Kohlbrenner Dario, Clarenbach Christian F, Ivankay Adam, Zimmerli Lukas, Gross Christoph S, Kuhn Manuel, Brunschwiler Thomas
Department of Pulmonology, University Hospital Zurich, Zurich, Switzerland.
Faculty of Medicine, University of Zurich, Zurich, Switzerland.
JMIR Hum Factors. 2022 Feb 16;9(1):e31448. doi: 10.2196/31448.
Research integrating multisensory home-monitoring in respiratory disease is scarce. Therefore, we created a novel multisensory home-monitoring device tailored for long-term respiratory disease management (named the CAir-Desk). We hypothesize that recent technological accomplishments can be integrated into a multisensory participant-driven platform. We also believe that this platform could improve chronic disease management and be accessible to large groups at an acceptable cost.
This study aimed to report on user adherence and acceptance as well as system functionality of the CAir-Desk in a sample of participants with stable chronic obstructive pulmonary disease (COPD) or asthma.

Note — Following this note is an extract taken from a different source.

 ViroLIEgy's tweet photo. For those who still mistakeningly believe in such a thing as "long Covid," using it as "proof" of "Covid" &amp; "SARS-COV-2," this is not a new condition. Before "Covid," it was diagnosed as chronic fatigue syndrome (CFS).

We conducted an observational usability study. Participants took part in 4 weeks of home-monitoring with the CAir-Desk. The CAir-Desk recorded data from all participants on symptom burden, physical activity, spirometry, and environmental air quality; data on sputum production, and nocturnal cough were only recorded for participants who experienced symptoms. After the study period, participants reported on their perceptions of the usability of the monitoring device through a purpose-designed questionnaire. We used descriptive statistics and visualizations to display results.
Ten participants, 5 with COPD and 5 with asthma took part in this study. They completed symptom burden questionnaires on a median of 96% (25th percentile 14%, 75th percentile 96%), spirometry recordings on 55% (20%, 94%), wrist-worn physical activity recordings on 100% (97%, 100%), arm-worn physical activity recordings on 45% (13%, 63%), nocturnal cough recordings on 34% (9%, 54%), sputum recordings on 5% (3%, 12%), and environmental air quality recordings on 100% (99%, 100%) of the study days. The participants indicated that the measurements consumed a median of 13 (10, 15) min daily, and that they preferred the wrist-worn physical activity monitor to the arm-worn physical activity monitor.
The CAir-Desk showed favorable technical performance and was well-accepted by our sample of participants with stable COPD and asthma. The obtained insights were used in a redesign of the CAir-Desk, which is currently applied in a randomized controlled trial including an interventional program.
整合多感官居家监测用于呼吸系统疾病的研究较少。因此,我们创建了一种专为长期呼吸系统疾病管理量身定制的新型多感官居家监测设备(名为CAir-Desk)。我们假设,近期的技术成果能够整合到一个由参与者驱动的多感官平台中。我们还认为,这个平台可以改善慢性病管理,并且能以可接受的成本供大量人群使用。
本研究旨在报告CAir-Desk在稳定期慢性阻塞性肺疾病(COPD)或哮喘参与者样本中的用户依从性、接受度以及系统功能。
我们进行了一项观察性可用性研究。参与者使用CAir-Desk进行了4周的居家监测。CAir-Desk记录了所有参与者的症状负担、身体活动、肺功能以及环境空气质量数据;只有出现症状的参与者的痰液生成和夜间咳嗽数据被记录。研究期结束后,参与者通过一份专门设计的问卷报告他们对监测设备可用性的看法。我们使用描述性统计和可视化方法来展示结果。
10名参与者,5名患有COPD,5名患有哮喘,参与了本研究。他们完成症状负担问卷的比例中位数为96%(第25百分位数为14%,第75百分位数为96%),肺功能记录比例为55%(20%,94%),腕部佩戴的身体活动记录比例为100%(97%,100%),臂部佩戴的身体活动记录比例为45%(13%,63%),夜间咳嗽记录比例为34%(9%,54%),痰液记录比例为5%(3%,12%),环境空气质量记录比例为100%(99%,100%)。参与者表示,这些测量每天平均耗时13(10,15)分钟,并且比起臂部佩戴的身体活动监测器,他们更喜欢腕部佩戴的身体活动监测器。
CAir-Desk显示出良好的技术性能,并且在我们的稳定期COPD和哮喘参与者样本中得到了很好的接受。所获得的见解被用于CAir-Desk的重新设计,目前该设备正在一项包括干预项目的随机对照试验中应用。